Reed’s program of study, leading to the degree of bachelor of arts, is designed to balance a broad exploration of human knowledge with in-depth study in a particular academic discipline. The curriculum is structured to include a yearlong humanities course, multi-discipline course requirements, a junior qualifying exam, and a senior thesis with an oral defense before a faculty committee. The college maintains a 10:1 student-to-faculty ratio to help students engage with their professors, and Reed limits class sizes in order to encourage faculty members to mentor and connect with students in individual discussions. To reinforce the focus on academics, intercollegiate sports programs and fraternal organizations have been rejected since the college’s founding.
The college’s history begins in the late 1880s, when the Rev. Thomas Lamb Eliot, a Portland civic leader and minister of the city’s Unitarian Church, suggested to two of his parishioners, Oregon steamboat pioneer Simeon Reed and his wife Amanda, that they use their financial resources to establish an institute of lectures, arts, and music, where “general enlightenment, intellectual, and moral culture” would be fundamental. The Reeds subsequently left the bulk of their estate to creating such an institute under Eliot's leadership for advancing the “intelligence, prosperity, and happiness of the inhabitants” of Portland. After the resolution of litigation over Amanda Reed's will, trustees incorporated in 1908 and opened the doors to Reed College on September 18, 1911, as Portland’s first nonsectarian college.

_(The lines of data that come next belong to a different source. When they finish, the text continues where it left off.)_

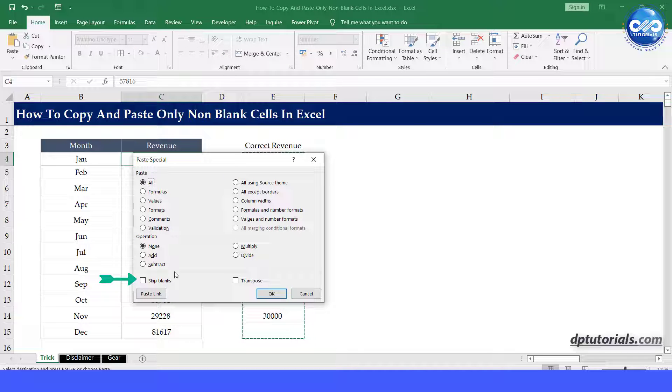Tick the checkbox at the bottom, skip blanks. Click OK.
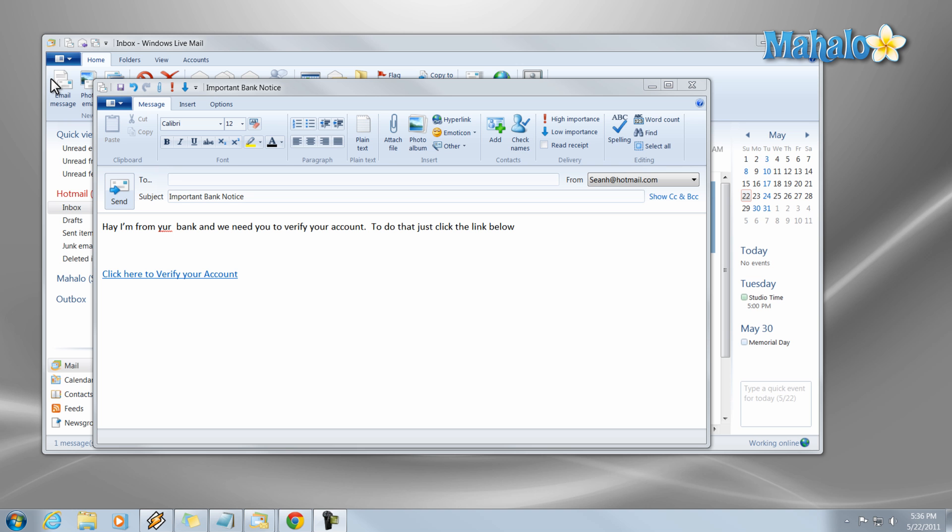Another thing too when you sign up for a lot of accounts and things of that sort, more times than not every single account will tell you we will never ask for your password and information. Again just be cautious when you see those things online.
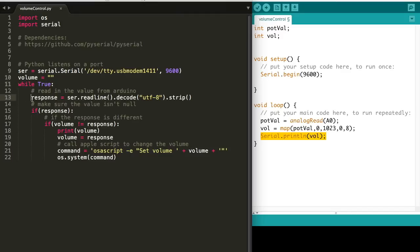The first thing we're going to do is read the serial input that the Arduino is writing to. This is going to be in a byte format, so we need to decode it into a string. Finally, we'll strip it of any newline and return carriages, so we just have that value.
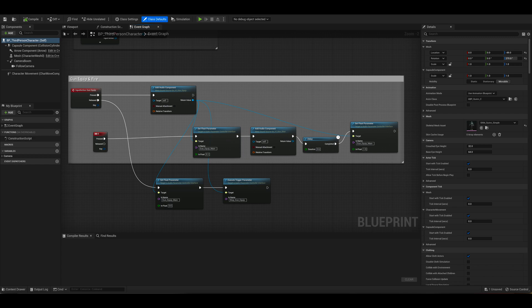After that there is a slight delay before it then sets the float parameter of the gun equip main back to what it was before. So effectively ducking the equip noise when the gun is being shot.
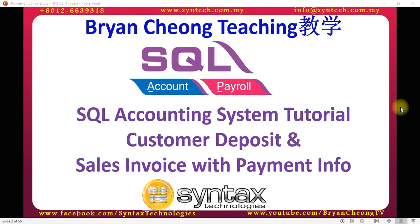Hi, I'm Brian from Syntex Technologies. In today's SQL Accounting System tutorial, I'll talk about customer deposit and sales invoice with payment info. Let's log into SQL Accounting System.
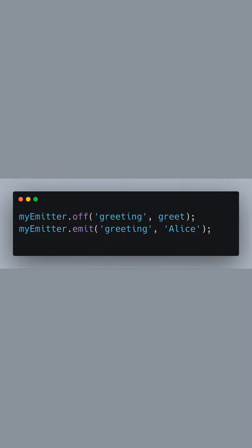If we decide to stop listening to the greeting event for the greet function, we use the off method to remove it. After this call, emitting the greeting event will no longer invoke the greet function, as confirmed by no output on the second emit call.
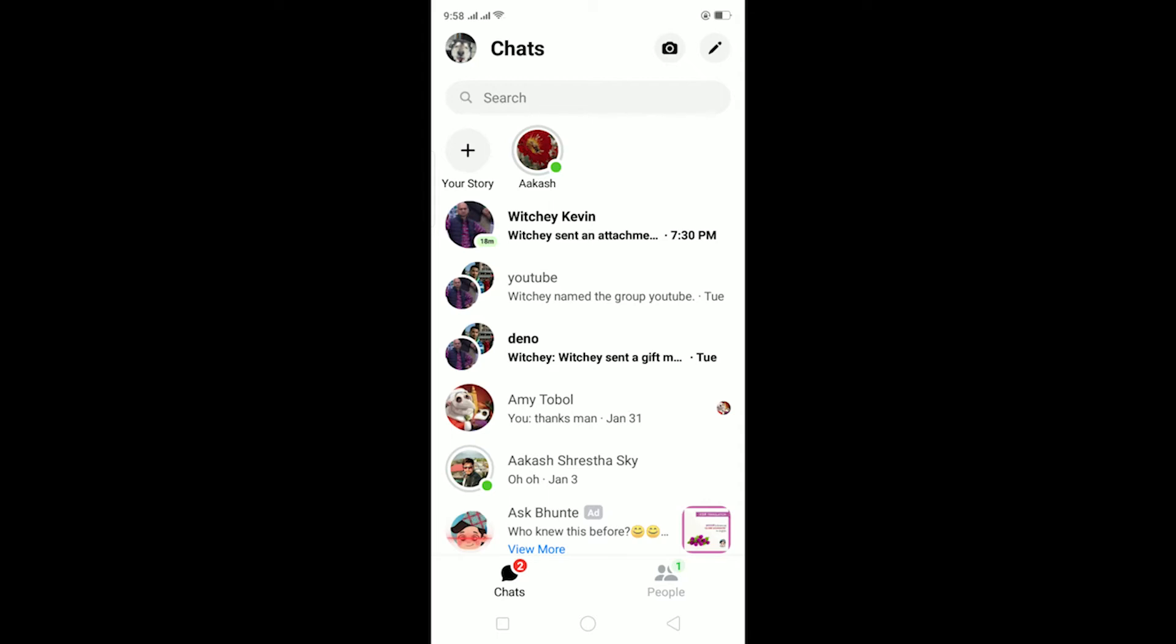Yo what is up everybody, hope you guys are having a fantastic day. In today's video I'll be teaching you how you can auto-save photos from the Messenger app. Basically, what auto-save means is if somebody sends you a photo on Messenger, it's going to auto-save it to your phone's gallery.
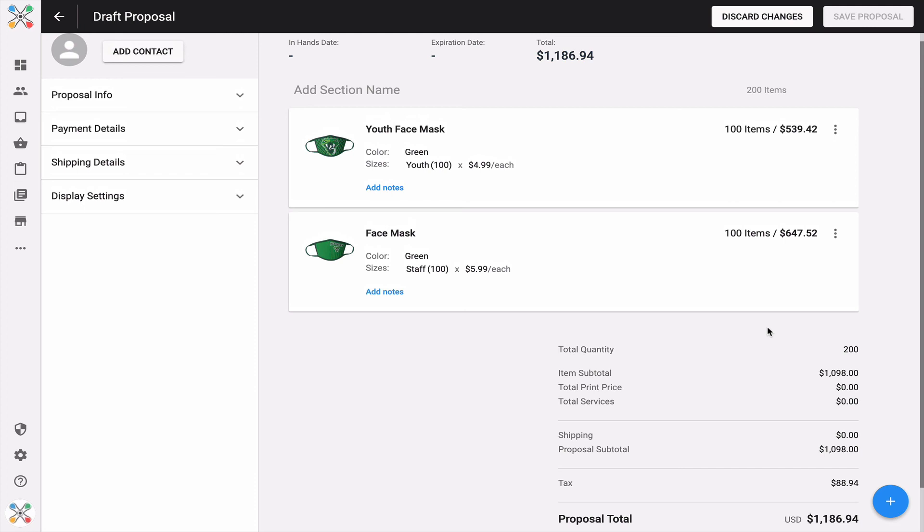This has been a quick video overview of the new expanded and enhanced custom line item functionality in Inksoft Proposals. Expect a lot of forthcoming new features and enhancements to proposals. I'm really excited about some of the things in the roadmap that we'll be releasing over the next couple of months. Keep an eye out for sneak peeks and announcements.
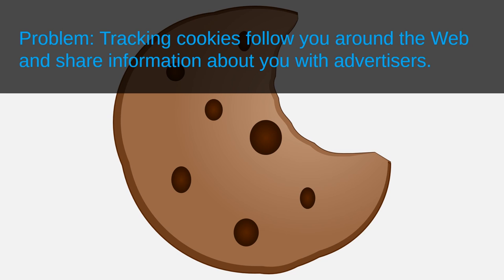Tracking cookie companies pay websites to run software that writes tracking cookies onto your browser. These tracking cookies can collect information about you on any website that runs the software by the tracking cookie company. Over time, the tracking cookie company builds a profile on the user behavior associated with your web browser.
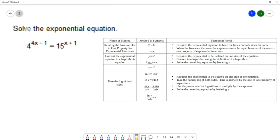On this question we want to solve the exponential equation 4 to the 4x minus 1 equals 15 to the x plus 1. This is an exponential equation — we know it's an exponential equation because we have variables in the exponent.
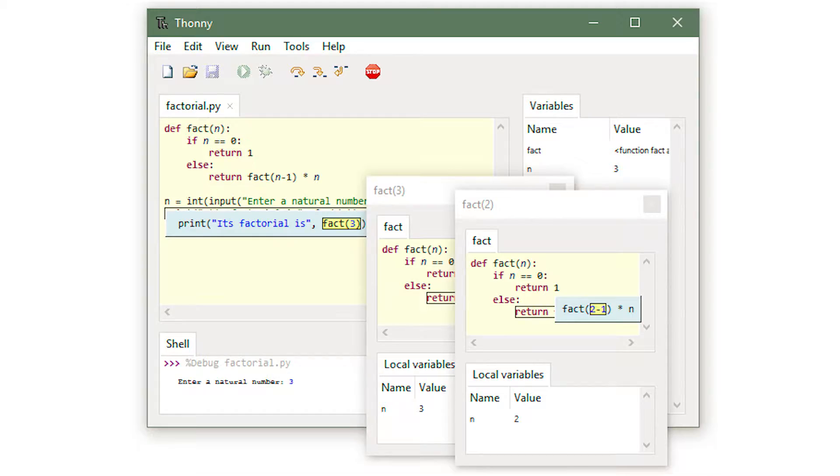At number 5, we have Thonny. Thonny is a Python IDE which was developed with a beginner Python coder in mind. It's a great IDE if you're learning Python, if you're just beginning to learn Python. It has great features and it is great for beginner Python coders. It's an easy recommendation if you're learning Python right now.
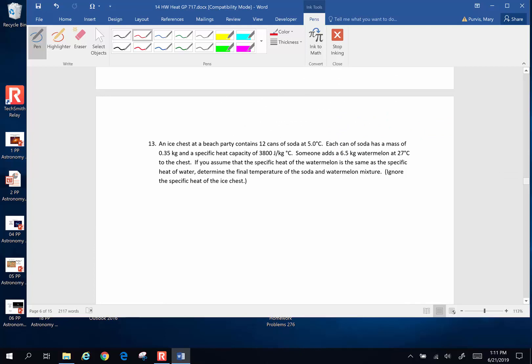Let's try another one. An ice chest at a beach party contains 12 cans of soda at 5 degrees Celsius. Each can of soda has a mass of 0.35 kilograms and a specific heat capacity of 3800 joules per kilogram degree Celsius. Someone adds a 6.5 kilogram watermelon at 27 degrees Celsius to the chest. If you assume the specific heat of the watermelon is the same as water, what will the final equilibrium temperature of the soda and watermelon mixture be? Ignore the specific heat of the ice chest.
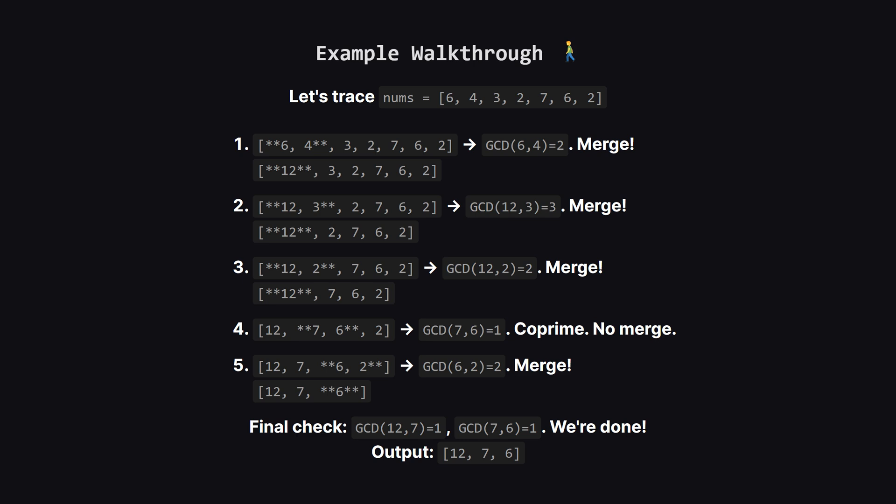The GCD of 12 and 3 is 3, so they're non-coprime too. We merge them, and their LCM is still 12. Next up, we check our new 12 against the number 2. The GCD is 2, so we merge again, and the LCM is, you guessed it, 12.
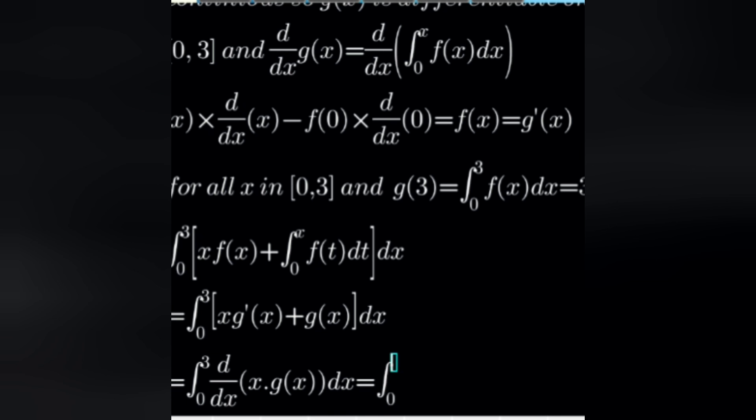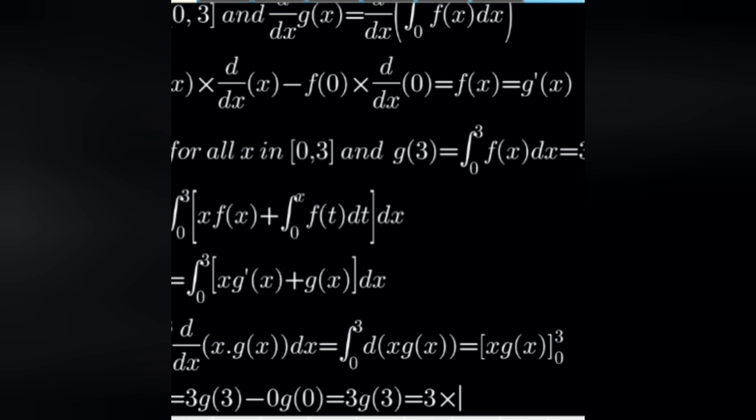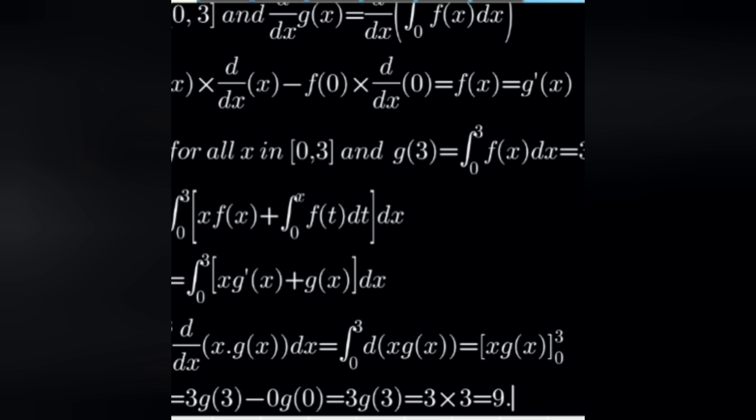So that is equal to the integral from 0 to 3 of d/dx of x times g(x) dx, which equals x times g(x) evaluated from 0 to 3. That gives us 3 times g(3) minus 0 times g(0), which is 3 times g(3). Since g(3) equals 3, the answer is equal to 9. Thank you for watching.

In the days leading up to America’s involvement in World War I, Reed’s founding president, William T. Foster (1910–1919), and his faculty engendered local controversy as outspoken pacifists. During the 1920s and 1930s, Reed adopted one of the nation’s first general education core curriculums and established itself as the Northwest’s most prominent liberal arts college, drawing primarily a regional student body. Following World War II, veterans enrolling on the G.I. Bill brought both an increase in the student body and a more national composition of students.
In 1954, the campus underwent severe upheaval when the House Un-American Activities Committee investigated three of Reed’s faculty members—Stanley Moore, Lloyd Reynolds, and Leonard Marsak—for alleged Communist activities, sparking a local controversy over academic freedom that reflected similar debates nationally. After the Cold War intensified with Russia’s launch of Sputnik in 1957, Reed repositioned itself as an important national asset, leveraging the college’s historically strong reputation in the sciences by modernizing the campus’s physical plant and strengthening its teaching resources.
Reed launched a Master of Arts in Liberal Studies program in 1966. In 1968, a research reactor was built, providing students and faculty with a neutron source to perform biology, chemistry, and physics research. It is the only research reactor in the world operated primarily by undergraduate students.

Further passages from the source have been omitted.